Participants also reported that the demonstration of pictures in temporal order supported the process of inferring their emotion because it grants additional activity cues:

“[P2] The sequence of the photos helps because I can understand what I was doing.”

In contrast to inferring emotion from self-face pictures at the end of the day (Photo-Day), inferring emotion from self-face pictures a week after they were captured (Photo-Week) revealed an opposite effect. All participants reported emotional inference based on their facial expressions captured in self-face pictures. Facial expressions were preferred over context in multiple cases:

“[P3] This one I cannot tell, am still at work from the context, but I don’t see the mouth and I cannot really tell by the eyes so I discarded.” “[P4] Here am smiling so I was feeling good, I only concentrate on my face that shows if you are happy or not and maybe the time but the face comes first.” “[P2] I think the facial expression is essential for you to know if you feel OK or not, because if you go into the context it is always the same, hard to distinguish.”

Participants also described the areas of their face on which they concentrated most during the reconstruction. Mouth, eyes, and eyebrows were the most referenced ones.

3.3 Relevant versus self

Post hoc tests using the Bonferroni correction revealed that the relevant others (Photo-Relevant, M = 12.091, SD = 9.59) were significantly less consistent as compared to participants in assessing participants’ emotions from face pictures a week after they were captured (Photo-Week, M = 9.722, SD = 9.629, p < .05) (Fig. 5). Interestingly however, participants reviewing self-face pictures at the end of the day displayed a significant greater total delta than the relevant others did (Photo-Relevant, M = 11.333, SD = 6.813, p < .05) (Fig. 7). This indicates that relevant others were significantly more certain when evaluating an individual’s face picture than the individuals themselves were at the end of the day. This could be explained by the fact that relevant others ignored the context of the pictures they were evaluating. In fact, participants reviewing self-face pictures at the end of the day (Photo-Day) displayed a significant higher visit count on the Background AOI than the relevant others (Photo-Relevant, M = 0.320, SD = 0.556, p < .05) (Fig. 6). This effect is complemented by the relevant others reporting that they relied totally on individual’s facial expressions to infer emotion from pictures of familiar faces:

Fig. 7
figure 7

Average distance covered by cursor per condition (0–99) during evaluation. Time-Day entailed the highest bar cursor movement

“[R4] I can’t understand what she was doing by the pictures in none of them.”

Inferring emotion in the absence of context was reported cumbersome in some cases:

“[R3] I have no indication I have no memory, he didn’t come up in front of me to tell me how he was feeling so I try to guess, that way it makes it a lot harder.”

Special facial expressions or grimaces were used as indicative of emotional state:

“[R3] So basically he is with his sunglasses on. He is pouting with his lips, this is something he does when he is not in a very good mood.”

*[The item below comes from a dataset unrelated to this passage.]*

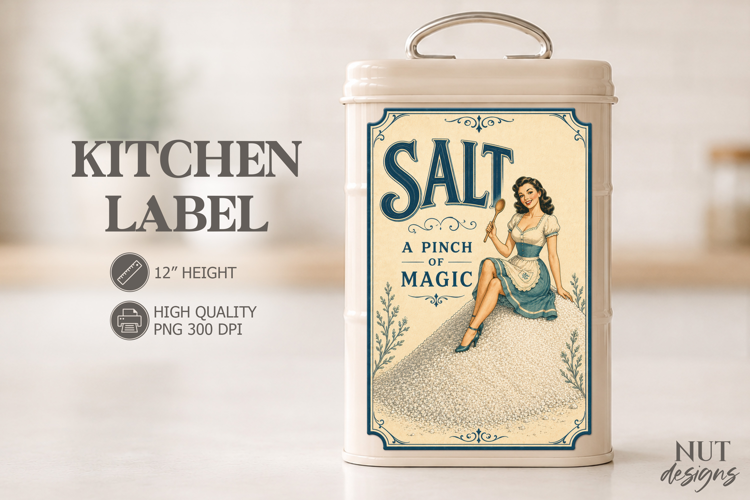 Pin up girl Vintage Salt Pinup Kitchen Label pantry label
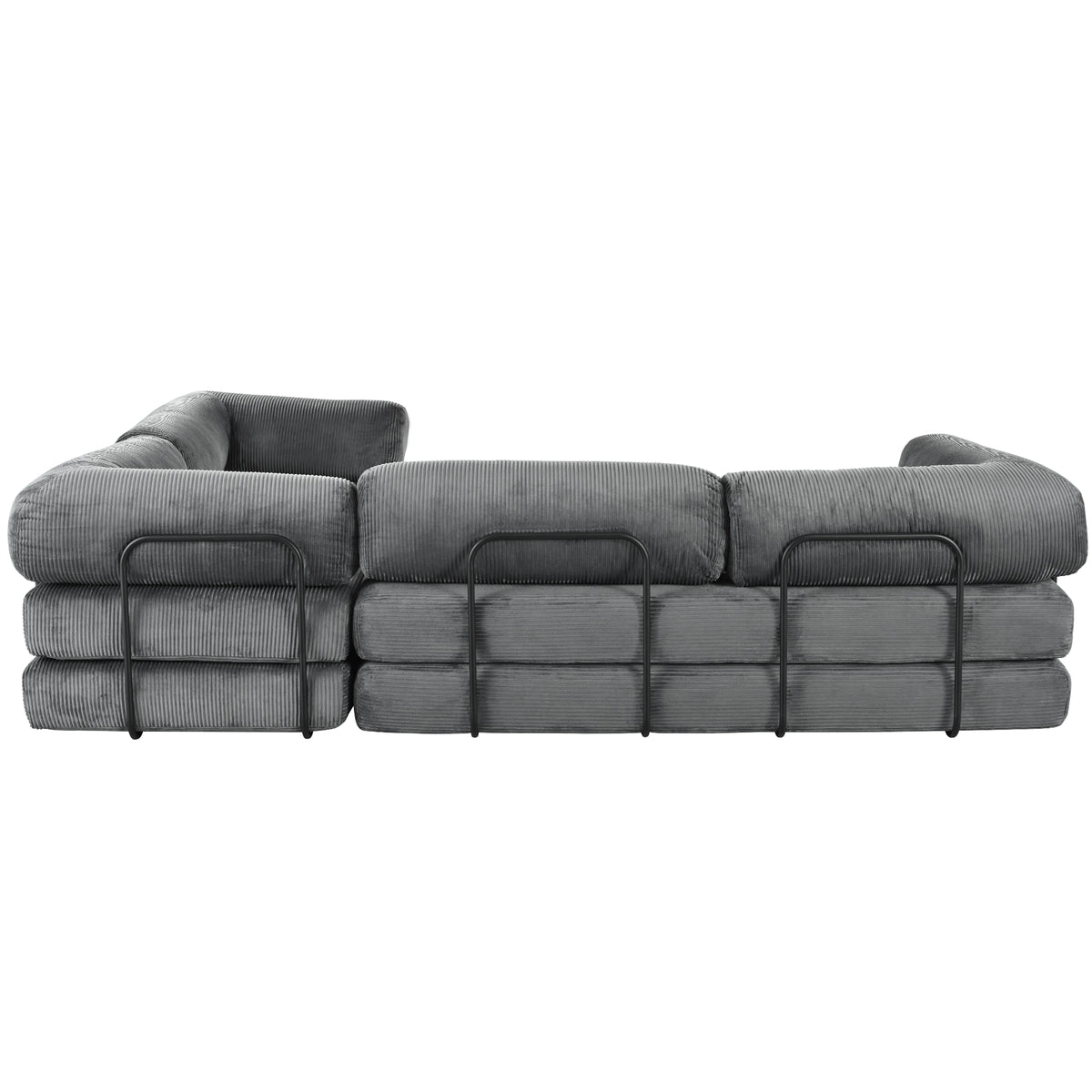 variant-group:rf-n711wy000448aae|Roomfitters L-Shaped Modular Sectional Sofa in Corduroy Fabric, Modern Couch for Living Room and Apartment, Gray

Similar to Photo-Week condition, specific areas on the face were used as cues to infer emotion. Mouth, eyes, and eyebrows are the most prevalent:

“[R5] So I look at 3 spots on the face: mouth, nose and between the eyebrows. More or less, when am not able to see all of them I discard.”

4 Discussion

Overall, the results support our a priori expectation, in that participants would be able to infer their emotions when looking at their self-face pictures captured during mobile usage. Surprisingly however, participants could more accurately infer their emotions when reviewing their self-face pictures one week after they were captured than they could at the end of the day (Fig. 5). This contradicts our initial hypothesis, in that participants would be more accurate when inferring emotion at the end of the day due to rich episodic memory recall. Eye tracking analysis revealed that when participants reviewed a self-face picture at the end of the day, they tended to gaze at the background more frequently than they did a week after a picture was captured. A possible explanation is that at the end of the day, participants repeatedly attempted to recall contextual information from the background in order to assess emotion in combination with their facial expressions. Moreover, participants reported that at the end of the day, contextual information derived from the background was used to infer activity and subsequently emotion. It is therefore probable that the process of recalling contextual information to assess emotion conflicted with the process of recognizing emotion through facial expressions and, thus, leading to reduced accuracy of emotional recall.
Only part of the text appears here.